Meteor craters on earth are generally poor specimens, beaten up as they are by wind, rain and erosion. They get flattened out and covered over, and movement of the surface crust disturbs their original look.
We look to the moon to understand the structures we see after major impacts and more recently, to data coming from impacts on Jupiter's moon, Callisto. Their distance from us is an impediment, however, hence geologists' delight in finding what has been dubbed the "Silverpit" crater under the bed of the North Sea.
It was defined and mapped by Dr Simon Stewart of BP plc in Aberdeen and Dr Phillip Allen of Production Geoscience Ltd in Banchory, Scotland. It takes its name from a nearby seafloor channel.
Early evidence for the crater came during prospecting for North Sea oil and gas. Silverpit lies well hidden, 130 km from the English coast under 40 metres of water and a further 300 metres to 1,500 metres of seafloor sediments that covered and preserved the crater's structures. These were extensively mapped to a resolution of just tens of metres using three-dimensional seismic reflection data.
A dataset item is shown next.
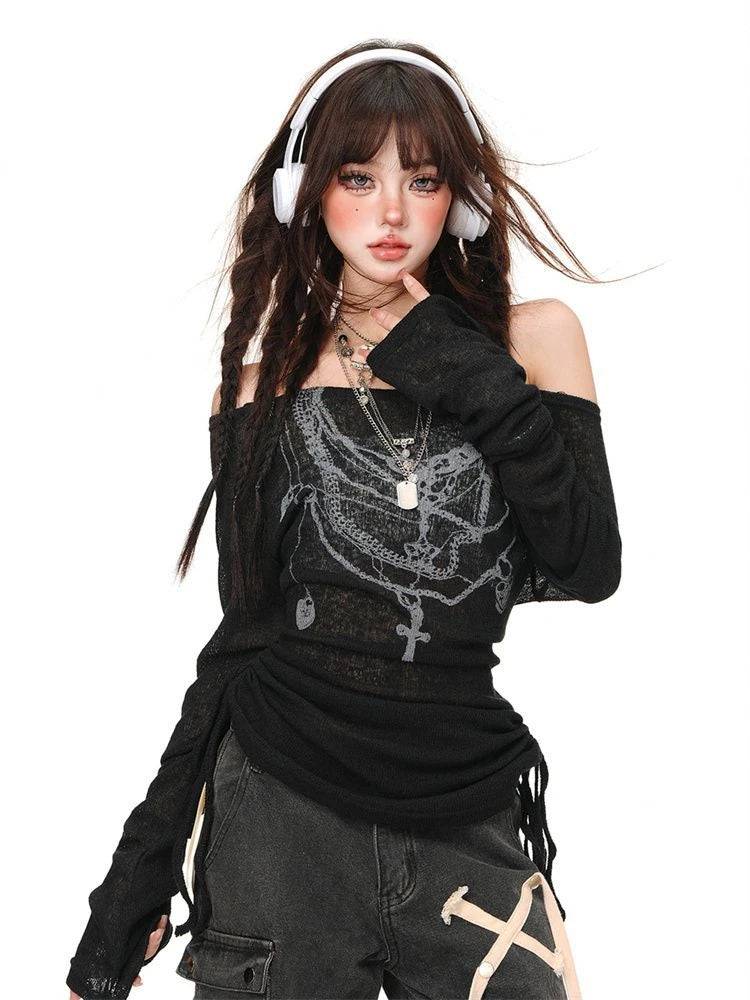 American Hot Girl Sle Long Sve T-irt Women's Slim Fit Me Print Top Summer Cool Feeling Polyester Fiber Casual Wear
This allowed the researchers to see through the sediments and get a remarkably clear view on Earth of what previously we could only see through powerful telescopes.
The complete structure measures some 20 km across and includes at least 10 concentric rings located between two and 10 km from the crater's centre. The main bowl-shaped central zone measures about three km across rim to rim and has a typical cone-shaped peak at its centre.
This is surrounded by the rings, which are impact faults, rocks displaced by the impact. The fault types vary depending on how far they lie from the point of impact but look just like the rings seen surrounding much larger impact craters on Callisto.
It had been assumed that only very heavy impactors could produce this ringed effect. "The formation of concentric ringed impact structures at this relatively small scale had not previously been thought possible, especially on the terrestrial planets," the authors write.
We now seem unlikely to suffer the same fate as our planet did over 60 million years ago, at least from asteroid 2002 NT7. Even early on, the US National Aeronautics and Space Administration only gave it a "slight" - but interesting - chance of hitting us. Later calculations done by Mr David Moore, editor of Astronomy Ireland, showed that it had less than a one in 150,000 chance of hitting us. "2002 NT7 will probably miss earth by a million miles or more," he suggests.